Samain Stent Moon
Astrology is a thicket of wild claims, unjustified certainty, and intriguing utility. Sorta like religion. In my reading so far I’ve found sensible, modest intellectuals who lean on the utility, using this ancient discipline (Mesopotamian in origin.) to promote self-knowledge. I’ve also found, as you might expect, a number of at least charlatanesque figures who are only one step away from the traveling potion wagons of the early frontier. OK, maybe not one step away.

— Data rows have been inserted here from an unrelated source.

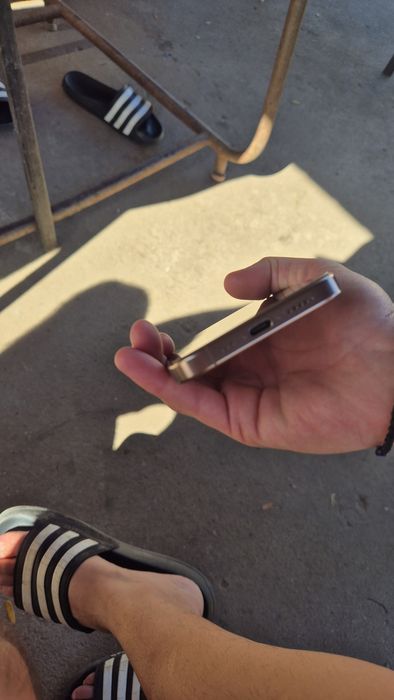 Vand IPhone 16 pro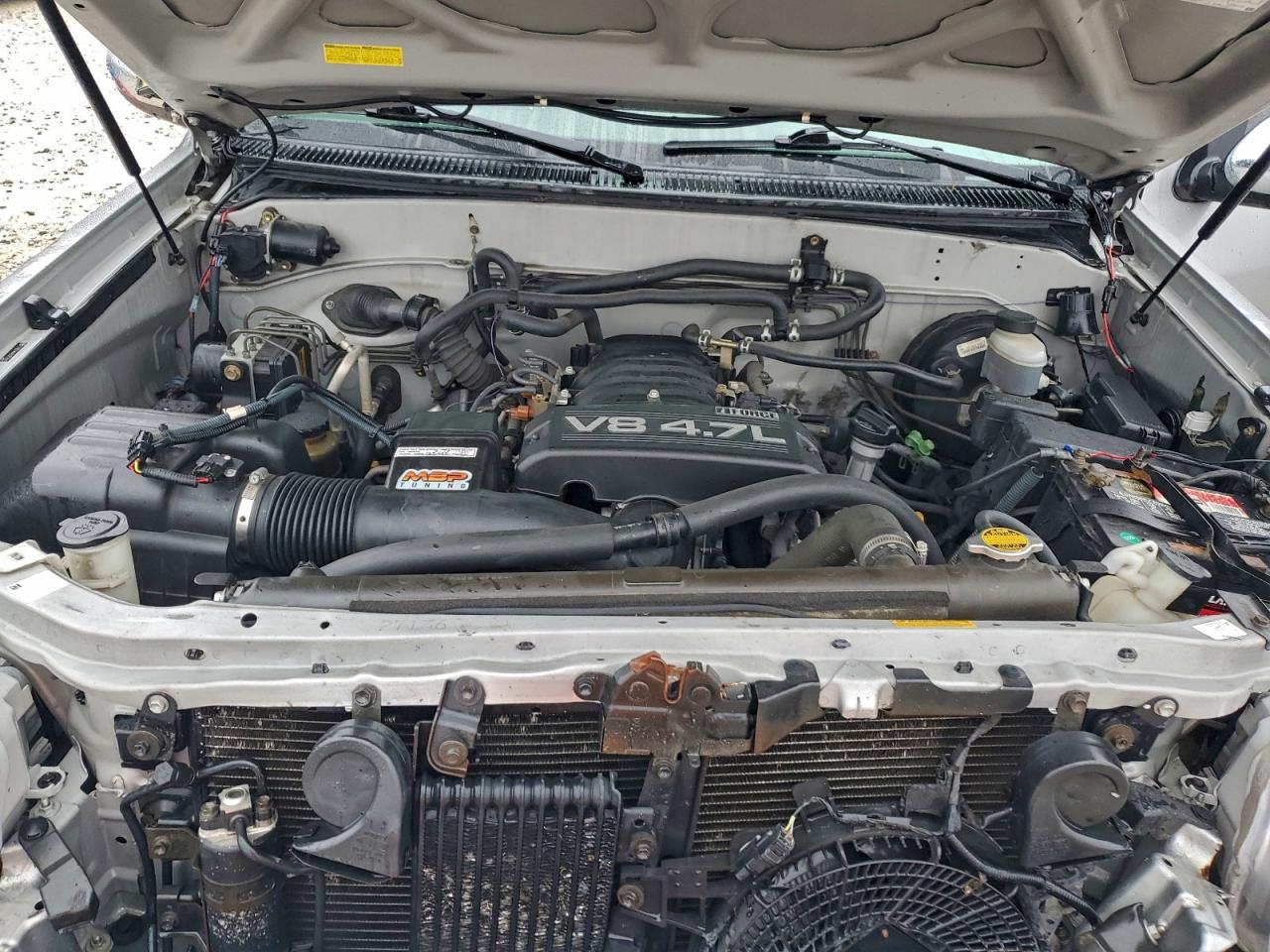 2005 TOYOTA SEQUOIA SR5 photo 23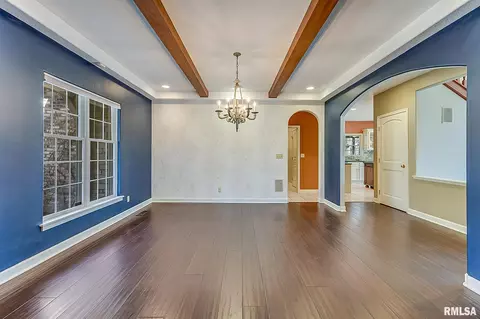 Living - 100 W Windflower Way, Dunlap, IL 61525 photo 1 of 11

Learning how to read a natal chart is the base line of astrology and I’m working on how to do it for myself. It’s not easy. Many symbols to learn, planets, houses, signs, aspects. Also, for understanding it in a way that makes sense to me, I’m still pursuing the nature of archetypes. That requires a lot of refreshing from my Jungian salad days. Still not sure it will be worth it in the end, but I’m committed to giving it a fair look. I had a similar fascination for a time with psychometrics like the MMPI, the Big Five, Meyers-Briggs, Eneagram, and career choosing tests. Fiddling with the dials of the self, trying to tune in, see inside. All part of the journey of self-discovery. I’ve learned something from each of them, but I found the psychometric approach judgemental in its attempt to sort the normal from the abnormal.

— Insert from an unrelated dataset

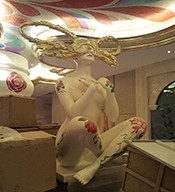【中庭.悬挂】酒店室内玻璃钢彩绘人物雕塑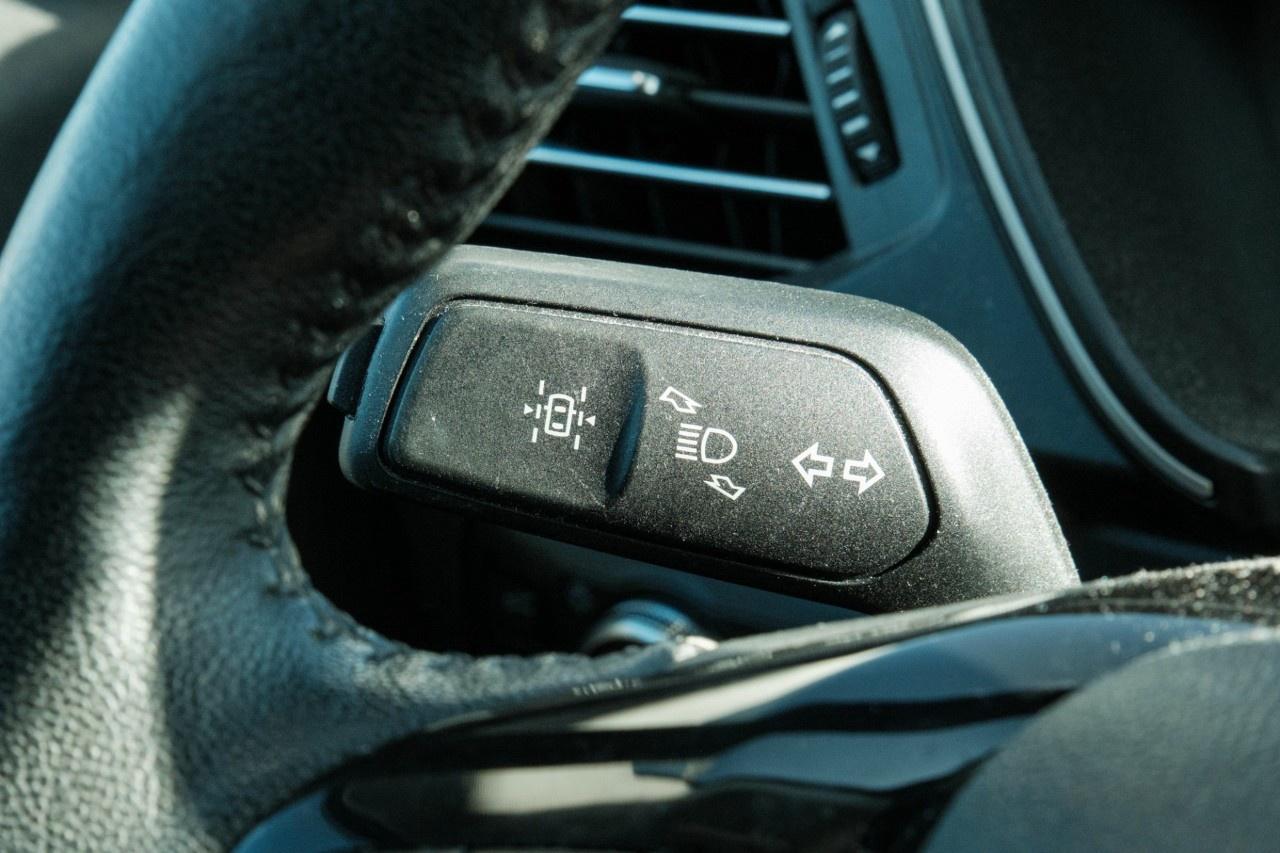 2021 Ford Escape SEL Hybrid AWD Photo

The evolutionary and psychological astrologists have the most potential for utility and explicitly eschew judgement. In the older, predictive style of astrology, still common, there are, for example, malefic and benefic planets, aspects, even charts. Malefic = bad and benefic = good. Mars and Saturn, malefic. Jupiter and Venus, benefic, for example. These two schools see instead psychic forces, archetypal influences that can create, say, energy for transformation in the case of Mars and Saturn. Or, misapplied, the beneficial aspects Jupiter and Venus can impede personal growth.
In the later days of my interest in psychometrics there was a similar change from seeing certain personality characteristics as bad or good, especially those characterized as abnormal. Two instances from my own testing. I spiked both the 4 and 5 scales* of the MMPI when tested in the mid-1970’s in seminary. In the original uses of the MMPI these two scales supposedly determined whether you were a psychopath, 4, or a homosexual, 5. The new (then) understanding became: 4 spike = non-conforming, rebellious, angry, creative, family problems, impulsive and 5 spike = lacks traditional masculine interests. This testing was also done while I was still drinking and some of those 4 scale attributes reinforced my addiction. Though I may have lacked masculine interests (not quite sure what that means), I did have one clear masculine interest. Women.

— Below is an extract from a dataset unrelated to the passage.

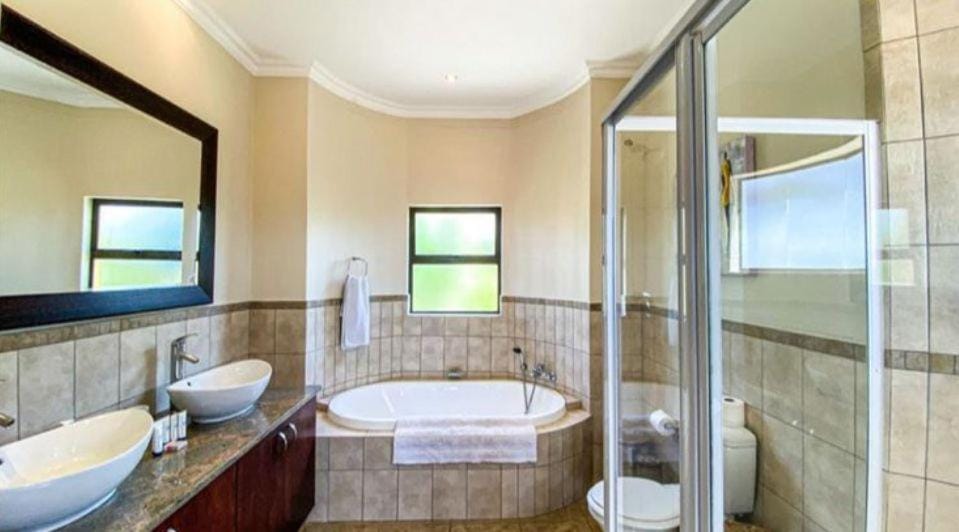 Spacious Umhlanga apartment Apartment in Umhlanga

I suppose you could frame this like Tarnas frames the major problem of our time: an ensouled primal universe and a disenchanted enlightenment universe in conflict, needing, very much needing a synthesis. On my mind all the time these days. Imagining ways through this conflict, ways to reconcile, to use the tension as a creative force for a new metaphysics. Reimagining. Reconstructing. Reenchanting.
*Scale 4 (AKA the Psychopathic Deviate Scale) Measures a person’s need for control or their rebellion against control. Scale 5 (AKA the Femininity/Masculinity Scale) Measures a stereotype of a person and how they compare. For men it would be the Marlboro man, for women it would be June Cleaver or Donna Reed.